Éditions Calmann-Lévy, 2022, 608 pages, 24,50 euros
Tout commence à l’aube du 20e siècle, dans la Finlande occupée par la Russie tsariste. Près du golfe de Botnie, la famille Koski survit à peine. L’aîné, Ilmati fuit la misère aux États-Unis, tandis que sa sœur Aino découvre le socialisme. Mais la répression s’abat, et Aino comme son frère Matti sont contraints à leur tour de s’enfuir en Amérique.
De la Finlande aux rives de la Columbia
Ils arrivent près de l’embouchure de la Columbia River, où vit déjà une forte communauté d’immigréEs scandinaves. Tous ou presque sont employéEs dans des colonies de bûcherons. Le bois enrichit vite le patronat local, semi-mafieux, et ce d’autant plus qu’aucune loi ne protège les travailleurEs. Aino devient vite l’animatrice d’une section locale des IWW (Industrial Workers of the World), syndicat d’action directe qui refusait les divisions entre les travailleurEs et anime de nombreuses grèves violemment réprimées. Ses frères, quant à eux, essayent de démarrer une nouvelle vie en espérant profiter du « rêve américain ».
Près d’un demi-siècle s’écoule dans ce long roman. On y croise le célèbre syndicaliste Joe Hill (né Joel Emmanuel Hägglund et d’origine suédoise), on y vit l’oppression grand-russe, les combats pour les 8 heures, l’écrasement féroce des IWW par la répression gouvernementale, les tentatives de division des travailleurEs (américains contre scandinaves, suédois et norvégiens contre finlandais, scandinaves contre italiens ou grecs, etc.) pour tirer les salaires vers le bas et casser la grève, la « Peur rouge » aux États-Unis et la « Terreur blanche » en Finlande, la crise de 1929.

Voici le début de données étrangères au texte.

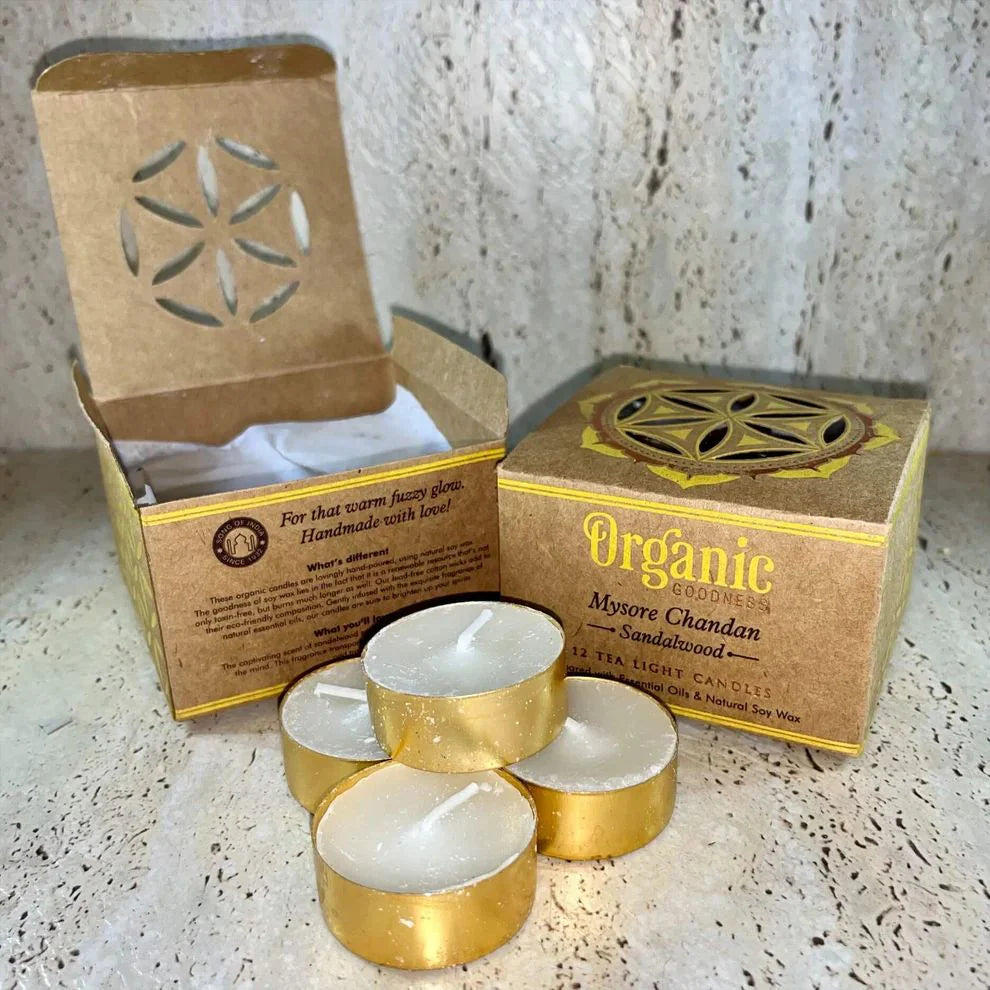 Organic Goodness - Tealight Candles SANDALWOOD 12 candles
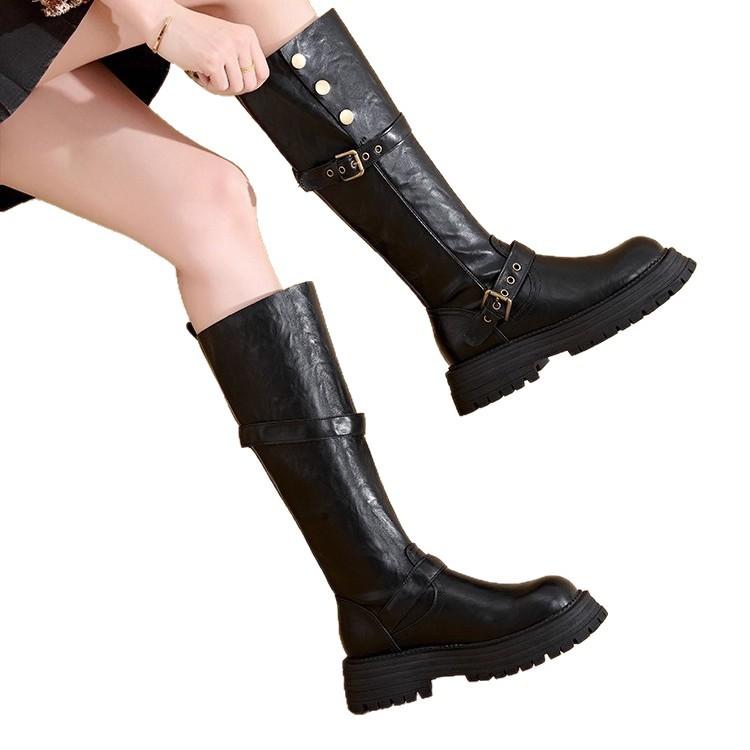 2025 Autumn and Winter New Small Thick Leg Boots Knight Boots Black Thick-soled High Boots Boots Women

Cette saga familiale, animée d’un souffle épique, est difficile à lâcher, et suscite en nous empathie et admiration pour les personnages et leur combat pour la dignité, pour la justice sociale. Petit-fils d’une « Rouge », Karl Marlantes, l’auteur, s’est inspiré des souvenirs familiaux pour écrire ce beau roman.